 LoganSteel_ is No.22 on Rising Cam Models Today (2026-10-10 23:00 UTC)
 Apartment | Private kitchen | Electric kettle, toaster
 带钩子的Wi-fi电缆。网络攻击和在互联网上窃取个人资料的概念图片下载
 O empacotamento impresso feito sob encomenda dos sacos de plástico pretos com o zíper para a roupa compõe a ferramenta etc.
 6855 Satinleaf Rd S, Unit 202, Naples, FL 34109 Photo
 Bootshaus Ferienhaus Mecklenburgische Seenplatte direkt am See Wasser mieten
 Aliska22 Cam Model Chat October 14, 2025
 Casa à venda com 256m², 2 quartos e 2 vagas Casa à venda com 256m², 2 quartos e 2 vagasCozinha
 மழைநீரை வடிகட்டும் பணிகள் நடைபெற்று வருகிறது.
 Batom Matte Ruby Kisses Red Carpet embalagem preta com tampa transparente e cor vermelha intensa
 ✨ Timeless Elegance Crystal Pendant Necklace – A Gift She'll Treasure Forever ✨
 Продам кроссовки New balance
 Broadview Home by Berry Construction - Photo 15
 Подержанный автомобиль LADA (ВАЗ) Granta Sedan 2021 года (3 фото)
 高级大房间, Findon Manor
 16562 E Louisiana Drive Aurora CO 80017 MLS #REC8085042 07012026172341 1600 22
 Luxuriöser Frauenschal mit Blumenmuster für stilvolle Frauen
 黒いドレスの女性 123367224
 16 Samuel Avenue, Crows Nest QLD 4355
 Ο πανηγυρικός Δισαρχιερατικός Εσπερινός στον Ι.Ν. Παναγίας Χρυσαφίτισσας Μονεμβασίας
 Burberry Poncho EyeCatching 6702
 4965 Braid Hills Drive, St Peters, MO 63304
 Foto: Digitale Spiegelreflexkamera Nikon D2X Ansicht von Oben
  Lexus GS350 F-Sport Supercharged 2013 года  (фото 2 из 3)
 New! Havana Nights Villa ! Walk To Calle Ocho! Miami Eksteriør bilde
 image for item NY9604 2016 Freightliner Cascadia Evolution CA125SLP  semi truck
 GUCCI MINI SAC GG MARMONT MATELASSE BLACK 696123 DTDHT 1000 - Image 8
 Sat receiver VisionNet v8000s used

====

WORK TASK: Reproduce only the lines above spanning from the line containing "Batom Matte Ruby" through the line containing "高级大房间, Findon Manor", word for word.

EXPECTED ANSWER:
 Batom Matte Ruby Kisses Red Carpet embalagem preta com tampa transparente e cor vermelha intensa
 ✨ Timeless Elegance Crystal Pendant Necklace – A Gift She'll Treasure Forever ✨
 Продам кроссовки New balance
 Broadview Home by Berry Construction - Photo 15
 Подержанный автомобиль LADA (ВАЗ) Granta Sedan 2021 года (3 фото)
 高级大房间, Findon Manor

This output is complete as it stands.